At first glance this seems like human nature. But then I think of baseball. Including the minor leagues, there are about 10,000 professional baseball players in this country at any given time. I have no idea how many amateurs are playing recreationally, how many kids there are in little league, how many parents playing catch – but it has to be tens of millions. Do any of them think that if they’d stepped into the batter’s box against Roger Clemens they’d hit a homerun? No one’s that naïve.
And there’s nothing wrong with that. For generations people have been marveling at these monstrous men throwing cowhide 100 miles an hour, hitting moonshots into the stands – that doesn’t make the local batting cage any less fun. We’d all love to face a major league pitcher sometime, to swing with our eyes closed and hope. Why isn’t that enough for a poet? Why can’t we marvel at Li-Young Lee and have fun writing a little lyric in our backyard? Why can’t we send that poem off for fun, and still be happy if we don’t make contact?
You might say that in writing a poem, we’re exposing our very soul – a rejection is a rejection of one’s own existence. But for a lot of people, baseball really is life.
There’s a guy I see every time I go to the park. He’s almost 40, works at the mail room at Universal Studios, and has no desire to climb that ladder any higher. He plays baseball almost every day; sleeps and eats baseball. Pays league dues over and over again just to be on a team. No recognition, no prize at the end of the season. He does it because he loves it. And he’s not the only one.

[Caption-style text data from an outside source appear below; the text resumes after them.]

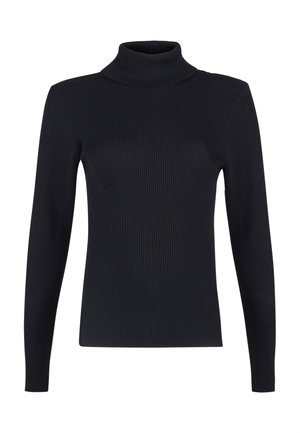 Black ribbed long-sleeve turtleneck sweater with fitted silhouette and high neckline.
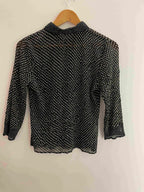 Vintage petite black dotted pattern women top size 10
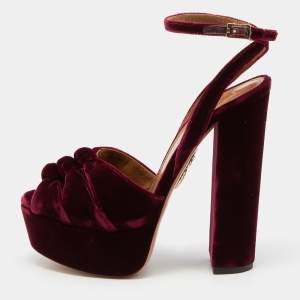 Pre Owned Aquazzura Burgundy Velvet Mira Block Heel Platform Ankle Strap Sandals Size 36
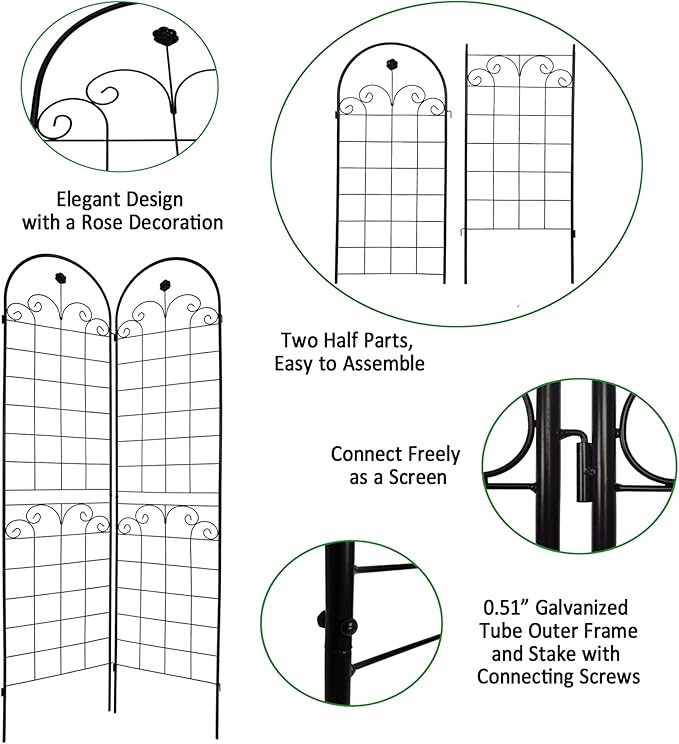 2 Pack Metal Garden Trellis 86.7 H Garden Fence Rustproof Trellis for Climbing Plants Support Roses Flower Outdoor Lawn Black 7.2 FT Tall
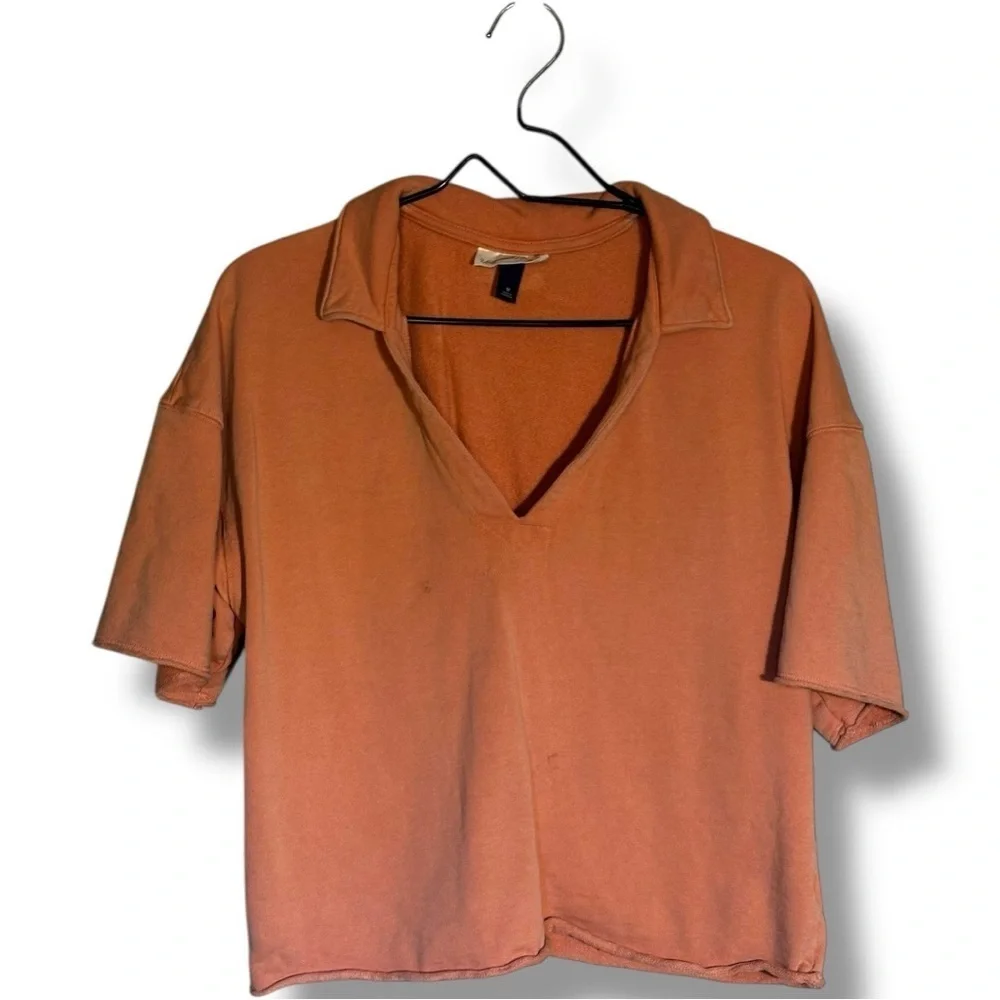Universal Threads Casual Peach V-Neck Collared Long Tee Sleeve Women's Top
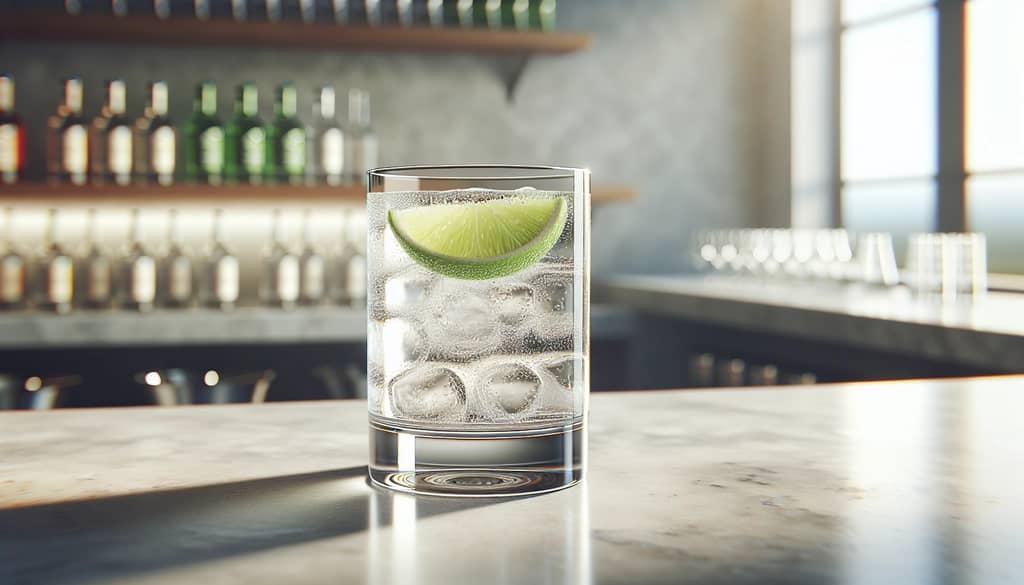 koktajl z tequili i tonikiem z limonką w szklance highball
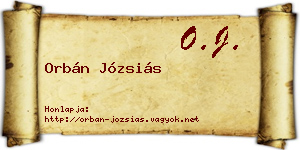 Orbán Józsiás névjegykártya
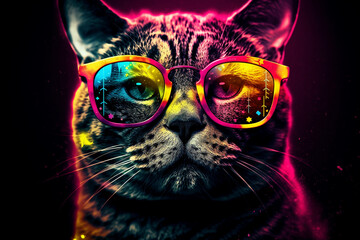 Fototapeta premium Colored cool and funny cat portrait with sun glasses. Ai generated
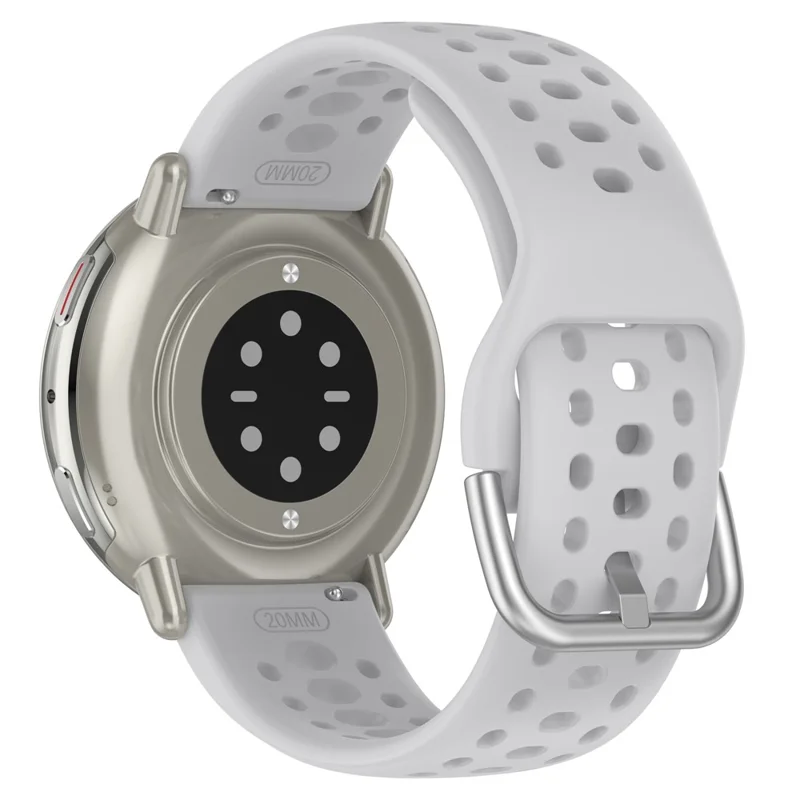 For Huami Amazfit Active 2 (A2437) Replacement Band Holes Design 20mm Adjustable Silicone Watch Strap - Grey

So why the difference? There are probably a lot of reasons. It might be that the amateur/pro line is much more blurry in poetry. Baseball players have bodyguards, a fenced-off path to the team bus. You see them play on national television; they sit on David Letterman’s couch. Even the greatest poets don’t get that kind of treatment, and if you’re patient enough with your own poetry, someone will publish you.
Or maybe it’s just that poetry is much more subjective. My fastball tops at 70mph. Who knows how good our poems are.
I don’t think we should let that keep us from playing for the simple love of the game.
So I’m wondering: Do they make t-shirts that say “Poetry Is Life”? Would you wear one if they did?